Below are records; reproduce exactly the lines from the one that has "Chicago Real Estate" through the one that has "Sketchers size 2. 10.00", ends included, and nothing more.
*** Data ***
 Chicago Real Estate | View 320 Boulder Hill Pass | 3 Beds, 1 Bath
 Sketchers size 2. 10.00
*** End of Data ***
*** Data ***
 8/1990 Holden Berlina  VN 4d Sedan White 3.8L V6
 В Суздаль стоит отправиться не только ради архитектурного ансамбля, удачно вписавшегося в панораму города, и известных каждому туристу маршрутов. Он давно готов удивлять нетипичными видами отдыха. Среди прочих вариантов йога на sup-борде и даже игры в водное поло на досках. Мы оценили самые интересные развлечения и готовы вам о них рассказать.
*** End of Data ***
■ Exercise response ■
 Chicago Real Estate | View 320 Boulder Hill Pass | 3 Beds, 1 Bath
 Sketchers size 2. 10.00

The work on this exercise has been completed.